Przenosimy nasze serwery do chmury. Dlaczego warto?
20.06.2022
aktualności
Firmy, które migrują aplikacje i programy IT do chmury, często doświadczają zwiększonej produktywności, niższych kosztów ogólnych i mniejszej liczby problemów związanych z IT. Firmy, które opóźniają migrację do chmury, często tracą swoją przewagę konkurencyjną na rynku. Chmura składa się z niezliczonych serwerów i centrów przechowywania danych – podobnych do tych, z których firmy od lat korzystają wewnętrznie. Różnica polega na tym, że serwery w chmurze znajdują się poza siedzibą firmy, a dostęp do nich możliwy jest za pośrednictwem mocno zaszyfrowanych, szybkich połączeń danych.
Serwery w chmurze umożliwiają automatyczne aktualizacje i uaktualnienia oprogramowania w czasie rzeczywistym. Innymi słowy, koniec z zajmowaniem się powolnymi, przestarzałymi, niestabilnymi i przeciążonymi systemami. Chmura wiąże się również z łatwiejszą obsługą. Takie serwery eliminują obciążenie i kłopoty związane z ich fizyczną obecnością, a także obsługą pakietów do ich oprogramowania. Eliminują również koszty zatrudnienia stałego zespołu ekspertów komputerowych do ich obsługi na miejscu.
Niezawodność naszych systemów komputerowych cechują takie parametry jak: RPO, RTO oraz SLA. Czym one są?
SLA – Service Level Agreement, określa poziom usług, jakiego oczekujesz od dostawcy, określając metryki, według których mierzona jest usługa, a także zawiera środki zaradcze lub kary, jeśli uzgodnione poziomy usług nie zostaną osiągnięte. Jest to krytyczny element każdej umowy z dostawcą technologii.
SLA stanowi kluczowy element każdej umowy z dostawcą usług outsourcingowych i technologicznych. Poza wyszczególnieniem oczekiwań dotyczących typu i jakości usługi, umowa SLA zapewnia środki zaradcze, gdy wymagania nie są spełnione.

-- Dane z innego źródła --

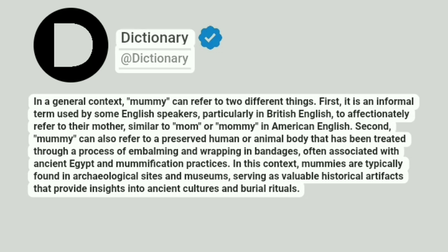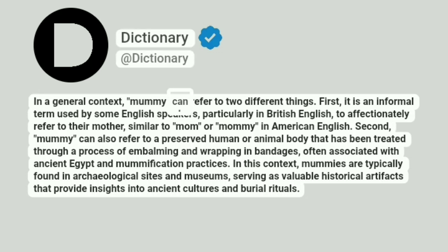Dictionary. Addictionary. In a general context, mummy can refer to two different things.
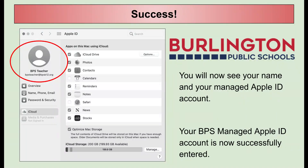Success! You will now see your name and your managed Apple ID account. Your BPS managed Apple ID account is now successfully entered into your MacBook.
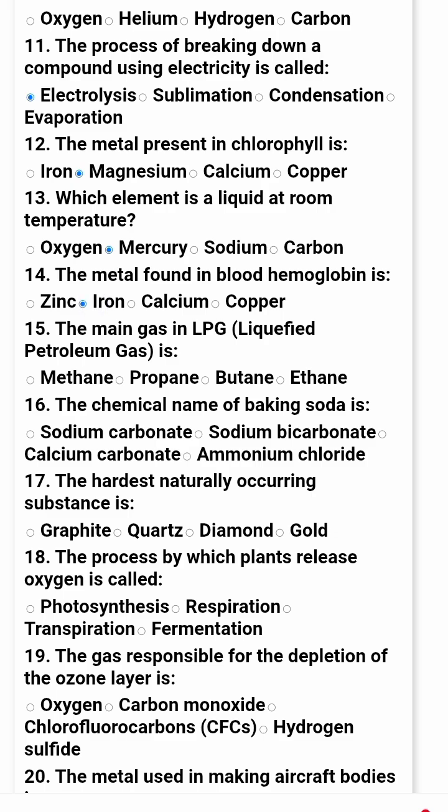The main gas in LPG, liquefied petroleum gas, is: methane, propane, butane, or ethane. So the right option is methane.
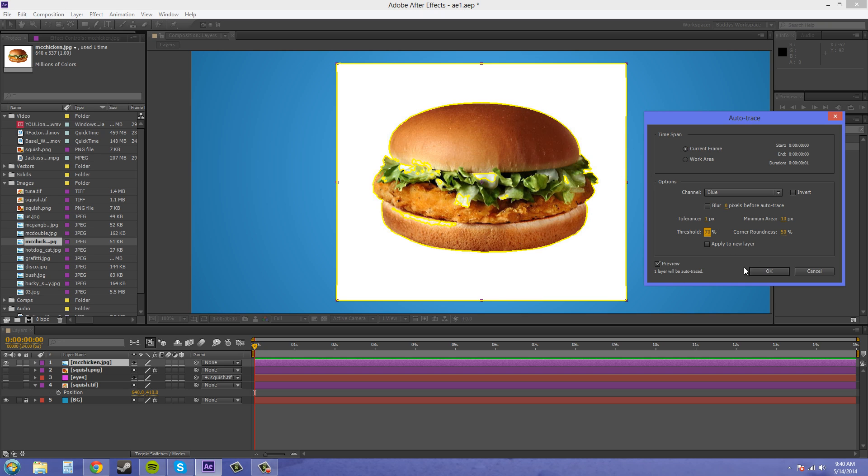So we have the whole thing outlined here and we can hit okay.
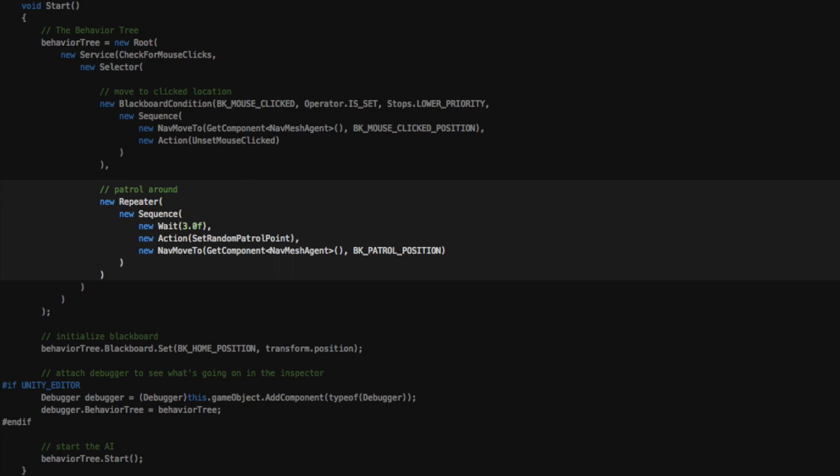This is the patrolling sub-branch which will move to a random location every few seconds.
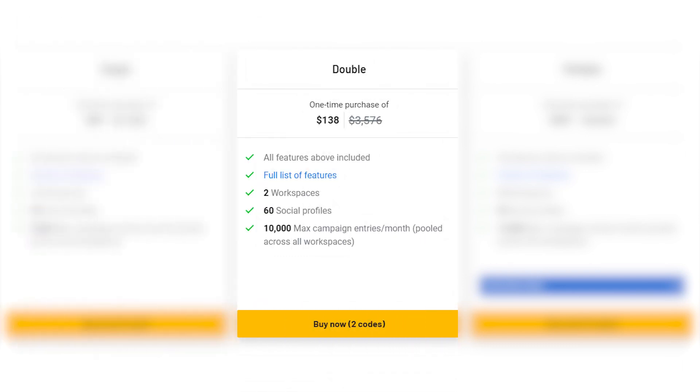Double. Double the value with one-time payment of $138, usually $3,576, for 60 social profiles and enhanced features.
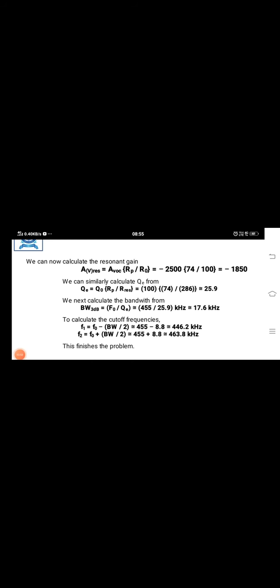So we can now calculate the resonant gain. A_v resonance equals A_voc times R_p divided by R_naught. Therefore we get minus 1850.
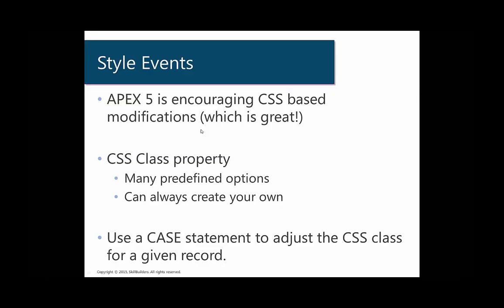We're going to style our events. APEX 5 does an excellent job at helping the developer control their styles using CSS classes. It helps us consolidate some of our UI logic into different CSS classes.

Dlaczego potrzebuję umowy SLA?
SLA jest integralną częścią umowy z dostawcą IT. Gromadzi ona w jednym dokumencie informacje o wszystkich zakontraktowanych usługach i ich uzgodnionej oczekiwanej niezawodności. Jasno określa wskaźniki, obowiązki i oczekiwania, aby w przypadku problemów z usługą każda ze stron posiadała takie samo zrozumienie względem wymagań.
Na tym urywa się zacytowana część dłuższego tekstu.